CUDA Programming Model

Chapter 2 — Threads, blocks, grids and kernel functions

The Thread Hierarchy

CUDA organizes parallel execution into a three-level hierarchy:

  1. Thread — the smallest unit of execution. Each thread runs the kernel function independently.
  2. Block — a group of threads that can cooperate via shared memory and synchronization.
  3. Grid — a collection of blocks that together execute the kernel.
Think of it this way

A Grid is a city. Each Block is a building. Each Thread is a worker inside a building. Workers in the same building can talk to each other (shared memory), but workers across buildings communicate only through global memory.

Thread Indexing

Every thread has built-in variables to identify itself:

  • threadIdx.x, threadIdx.y, threadIdx.z — thread index within its block
  • blockIdx.x, blockIdx.y, blockIdx.z — block index within the grid
  • blockDim.x, blockDim.y, blockDim.z — number of threads per block in each dimension
  • gridDim.x, gridDim.y, gridDim.z — number of blocks in the grid in each dimension

The global thread index is computed as:

cuda
1
int globalIdx = blockIdx.x * blockDim.x + threadIdx.x;

Kernel Function Qualifiers

CUDA extends C/C++ with three function qualifiers:

  • __global__ — runs on the GPU, called from the CPU (or from another kernel). Must return void.
  • __device__ — runs on the GPU, callable only from other GPU functions.
  • __host__ — runs on the CPU. This is the default for all normal C/C++ functions.

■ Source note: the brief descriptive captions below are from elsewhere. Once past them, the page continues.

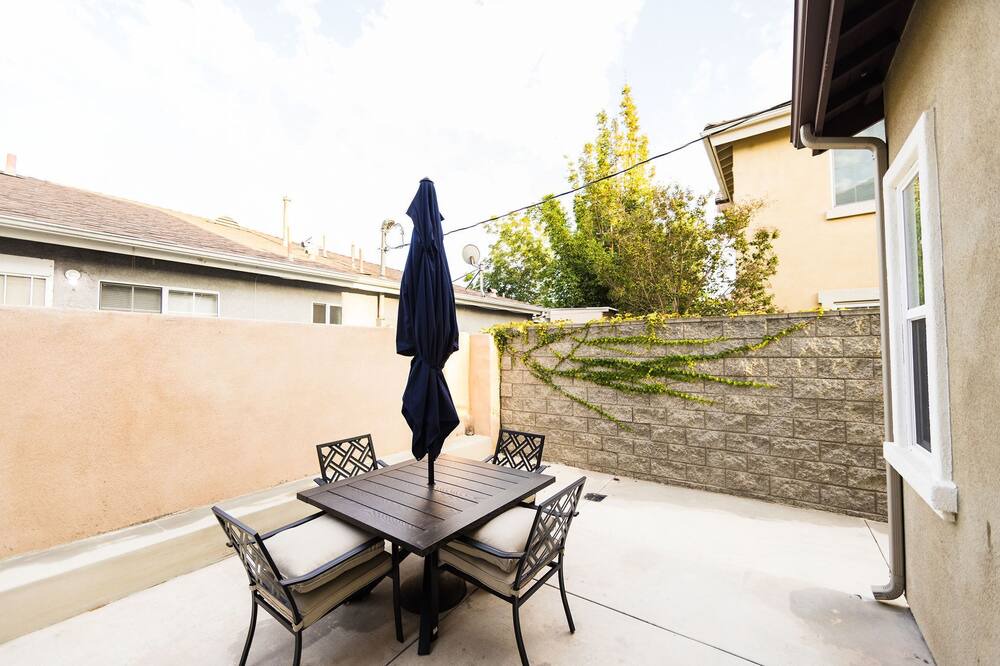 Photo of Patio Balcony in Garden Grove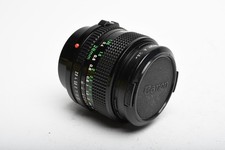 Canon 28mm f2.8 FD Mount wide angle lens, +Sky filter, Great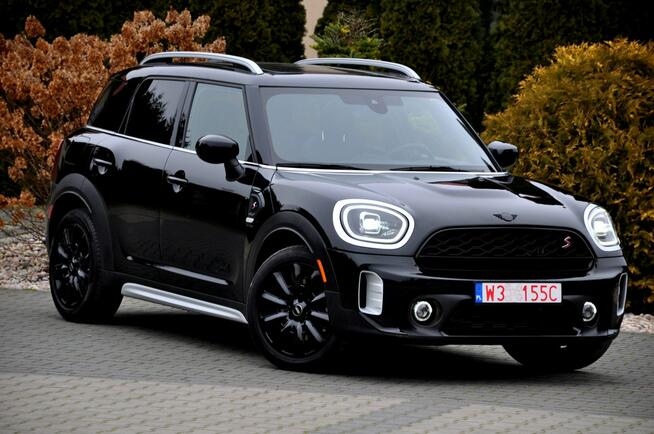 Mini Countryman 2.0B 178KM 30.000 km przebiegu Skóra Nav Kamera Panorama Serwis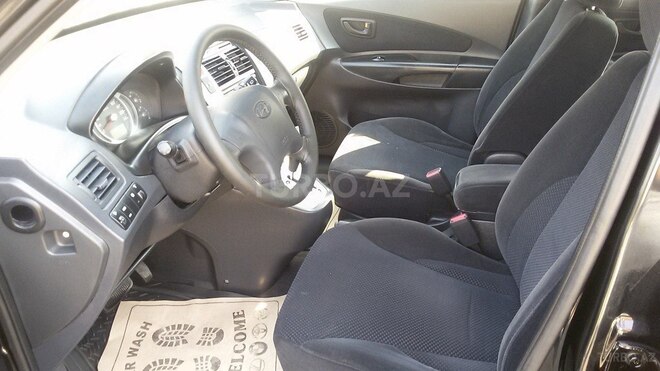 Hyundai Tucson 2008, 113,000 km - 2.0 l - Gəncə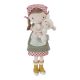 Little Dutch baba díszdobozban - Little Farm Rosa báránnyal 35 cm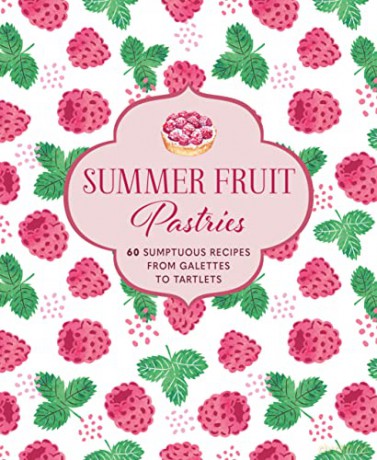 Summer Fruit Pastries [KSIĄŻKA]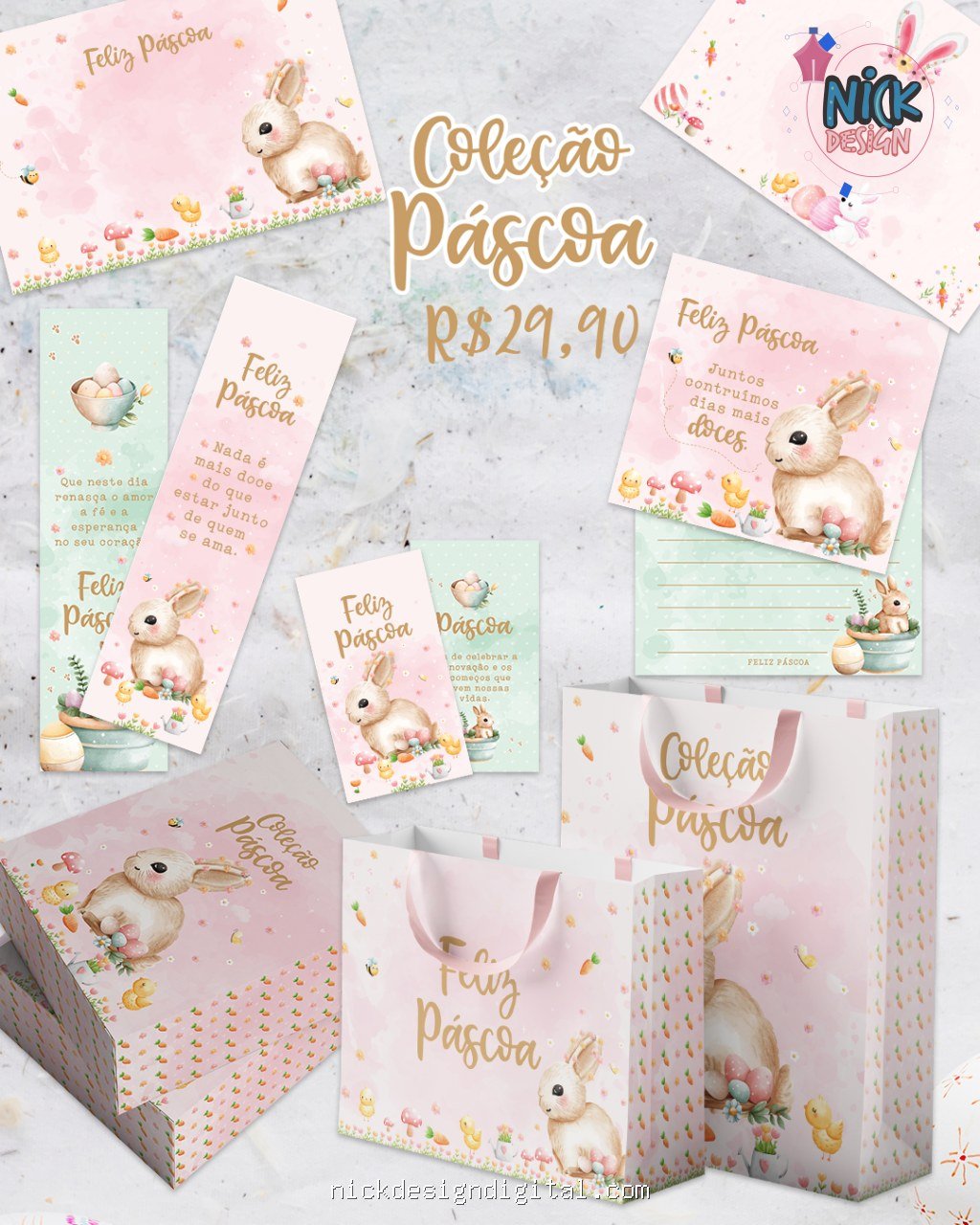 Kit Páscoa - Imagem 1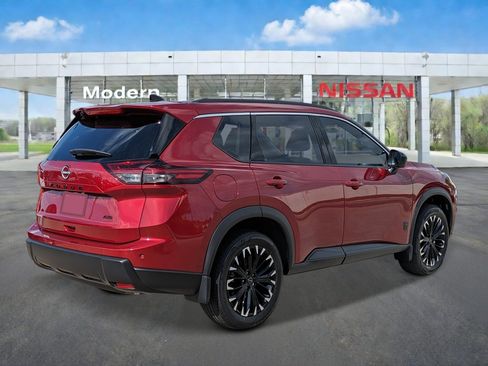 New 2026 Nissan Rogue Dark Armor AWD/4WD image 5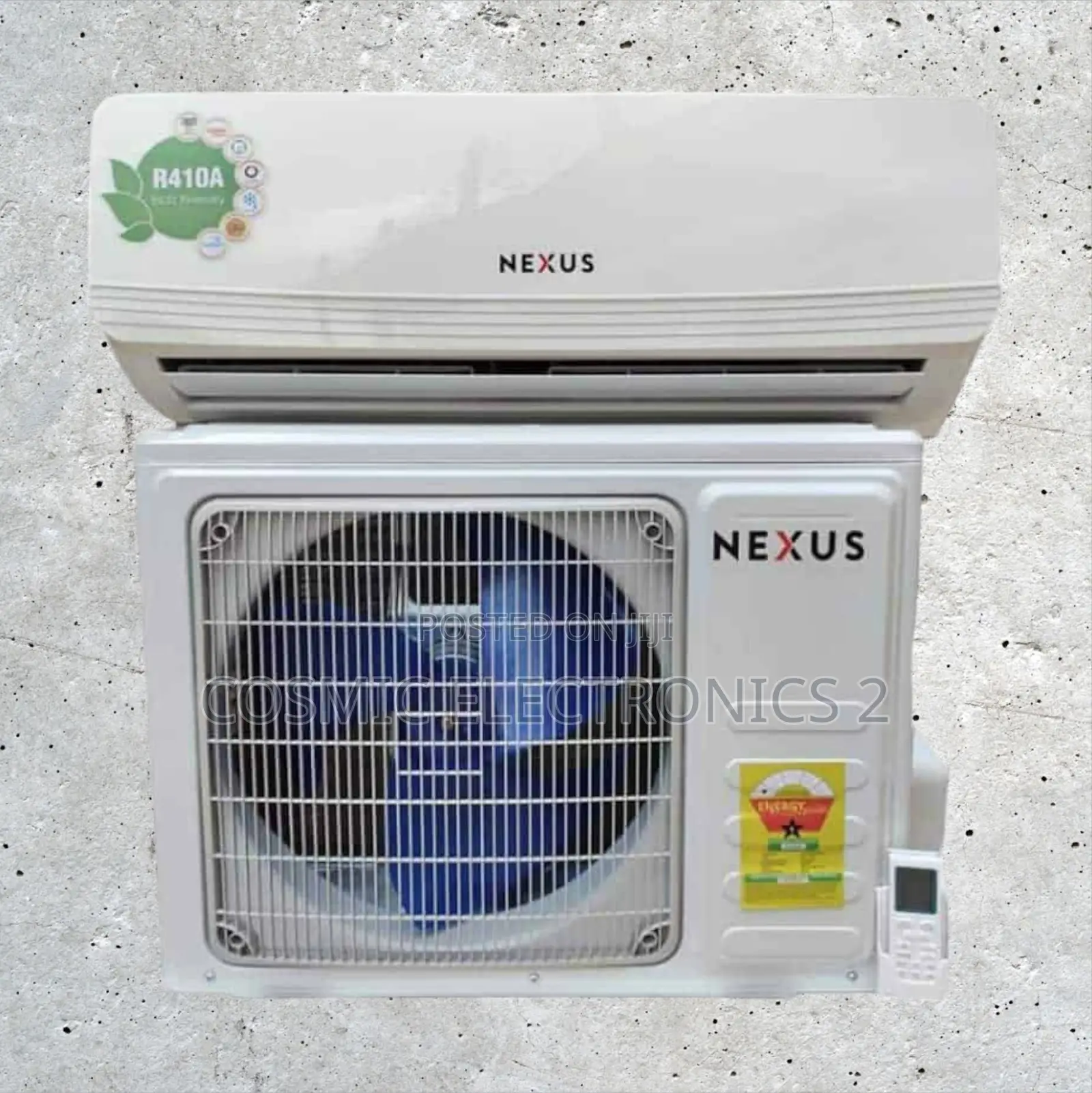 Nexus 1.5hp R410 Split Air Conditioner in Ashaley Botwe - Home ...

You can combine __host__ __device__ to compile a function for both CPU and GPU.

Example: Vector Addition

Vector addition is the "Hello World" of GPU computing. Each thread adds one element:

vec_add.cu
1234567891011121314151617181920212223242526272829303132333435363738394041424344454647484950
#include <stdio.h>

__global__ void vecAdd(float *a, float *b, float *c, int n) {
    int i = blockIdx.x * blockDim.x + threadIdx.x;
    if (i < n) {
        c[i] = a[i] + b[i];
    }
}

int main() {
    int n = 1024;
    size_t bytes = n * sizeof(float);

    // Allocate host memory
    float *h_a = (float*)malloc(bytes);
    float *h_b = (float*)malloc(bytes);
    float *h_c = (float*)malloc(bytes);

    // Initialize vectors
    for (int i = 0; i < n; i++) {
        h_a[i] = i * 1.0f;
        h_b[i] = i * 2.0f;
    }

    // Allocate device memory
    float *d_a, *d_b, *d_c;
    cudaMalloc(&d_a, bytes);
    cudaMalloc(&d_b, bytes);
    cudaMalloc(&d_c, bytes);

    // Copy data to GPU
    cudaMemcpy(d_a, h_a, bytes, cudaMemcpyHostToDevice);
    cudaMemcpy(d_b, h_b, bytes, cudaMemcpyHostToDevice);

    // Launch kernel: 4 blocks × 256 threads = 1024 threads
    int threadsPerBlock = 256;
    int blocksPerGrid = (n + threadsPerBlock - 1) / threadsPerBlock;
    vecAdd<<<blocksPerGrid, threadsPerBlock>>>(d_a, d_b, d_c, n);

    // Copy result back to CPU
    cudaMemcpy(h_c, d_c, bytes, cudaMemcpyDeviceToHost);

    // Verify
    printf("c[0] = %f, c[1023] = %f\n", h_c[0], h_c[1023]);

    // Cleanup
    cudaFree(d_a); cudaFree(d_b); cudaFree(d_c);
    free(h_a); free(h_b); free(h_c);
    return 0;
}

Key Takeaways from this Example

  • The boundary check if (i < n) is critical — we may launch more threads than data elements.
  • The formula (n + threadsPerBlock - 1) / threadsPerBlock rounds up the number of blocks so every element is covered.
  • Memory must be explicitly allocated on the GPU with cudaMalloc and copied with cudaMemcpy.

Choosing Block Size

Block size (threads per block) is a performance-critical parameter:

  • Must be a multiple of 32 (the warp size). Common choices: 128, 256, 512.
  • Maximum is typically 1024 threads per block.
  • Larger blocks use more shared memory and registers per block, which can limit occupancy.
Rule of Thumb

Start with 256 threads per block. Profile and adjust from there.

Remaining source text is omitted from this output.